Dental sealants: What are they?
The molars and premolars are very important when it comes to chewing. It is their primary function to chew and grind on food. They have natural fissures or grooves on the surface which is used for chewing. These fissures are very tough to clean as they are very narrow and deep and sometimes even a single bristle of a toothbrush is broader. This is the reason why they are highly vulnerable to decay. In order to prevent them from decaying, sealants or protective coverings are placed on the chewing surface. Sealants smooth out the surface in order to prevent bacteria from causing tooth decay from the fissures. They work as the extra protective case for the grooved surface of a tooth. Sealants and fluorides are the two major breakthroughs when it comes to the prevention of tooth decays. Fluoride helps in the prevention of decay, thus protecting the surfaces of teeth, while sealants add that extra edge by being an extra protection for the pitted areas.
When are they needed?
They are mostly needed for children as their molars and premolars need more protection. A child’s molars and premolars are more vulnerable to cavities and tooth decay. The ages 4-17 are the most cavity-prone years. Adults also face the same problem with the teeth fissures and pits. What makes these areas so problematic is the fact that they are very hard to clean because of the super narrow fissures which can’t even be cleaned with the help of floss. Sealants are very helpful in protecting these fissures from getting eroded or decayed. If you want to protect your child’s teeth from getting eroded or facing tooth decay, it is definitely the way to go. They seal the fissures and smooth out the surface so that food particles and bacteria do not invade them. Sealants are placed only after the chewing surface of a particular molar has grown completely out of the surface of the gum. The first one is placed on the pitted areas of the first permanent molar.
Although it is less common, but dental sealants are placed on adults as well who have deep fissures that do not have fillings and are vulnerable to tooth decay.
Due to so much of action in the mouth it is quite obvious for the sealant to be lost gradually because of natural wearing and tearing of teeth. As a result, it is needed to be repeated. Dental sealants procedure goes on in the following steps:
- Firstly, your dentist will thoroughly clean the surface of the tooth.

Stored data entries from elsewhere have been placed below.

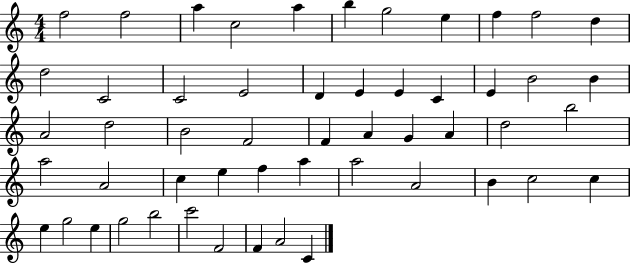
{
  \clef treble
  \numericTimeSignature
  \time 4/4
  \key c \major
  f''2 f''2 | a''4 c''2 a''4 | b''4 g''2 e''4 | f''4 f''2 d''4 | \break d''2 c'2 | c'2 e'2 | d'4 e'4 e'4 c'4 | e'4 b'2 b'4 | \break a'2 d''2 | b'2 f'2 | f'4 a'4 g'4 a'4 | d''2 b''2 | \break a''2 a'2 | c''4 e''4 f''4 a''4 | a''2 a'2 | b'4 c''2 c''4 | \break e''4 g''2 e''4 | g''2 b''2 | c'''2 f'2 | f'4 a'2 c'4 | \break \bar "|."
}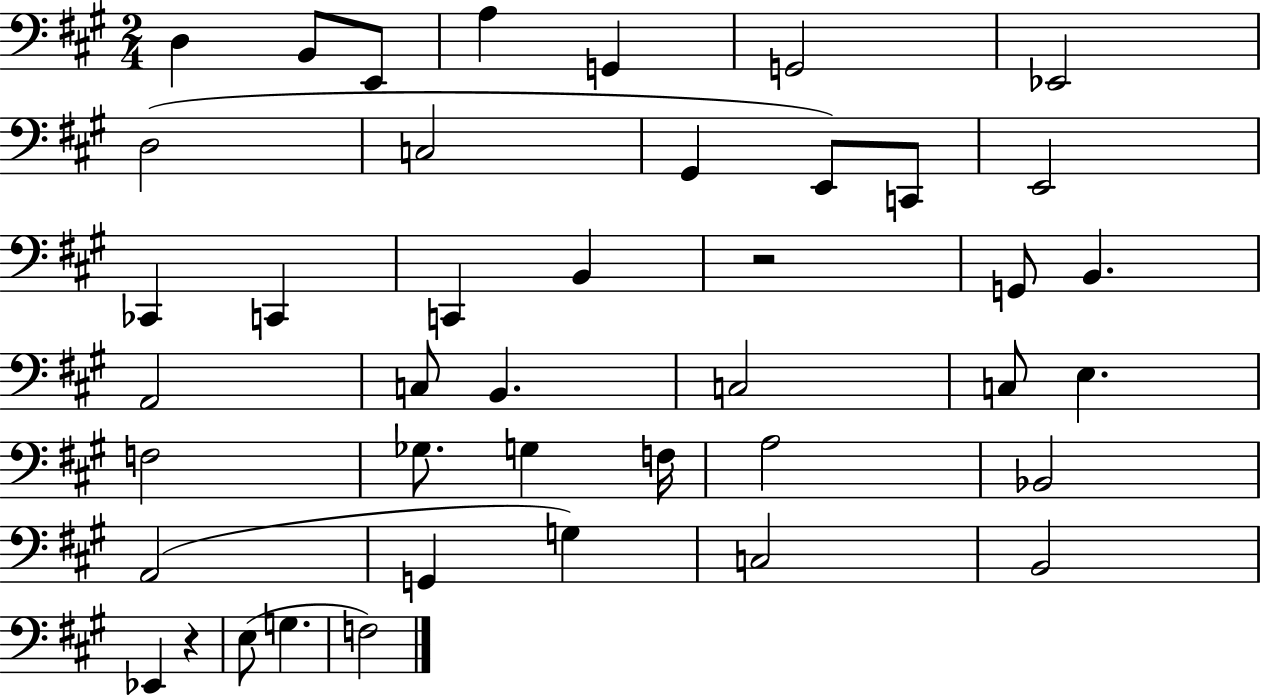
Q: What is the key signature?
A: A major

- They are washed with water dried
- An acidic solution is applied and left for a few seconds. This solution helps for the sealant to nicely bond with the surface of the tooth.
- It is then rinsed off
- A thin layer of sealant is used to coat each tooth so that the tooth retains its natural colour
- A light with high intensity is used to solidify the sealant
However, it is important to note that sealants are not replacements for fluoride and rather, add an extra edge to the fluoride so that there is no tooth decay or the later use of several procedures for tooth decay recovery. Also, they need to be checked at regular intervals in order to analyze them for a possible re-application.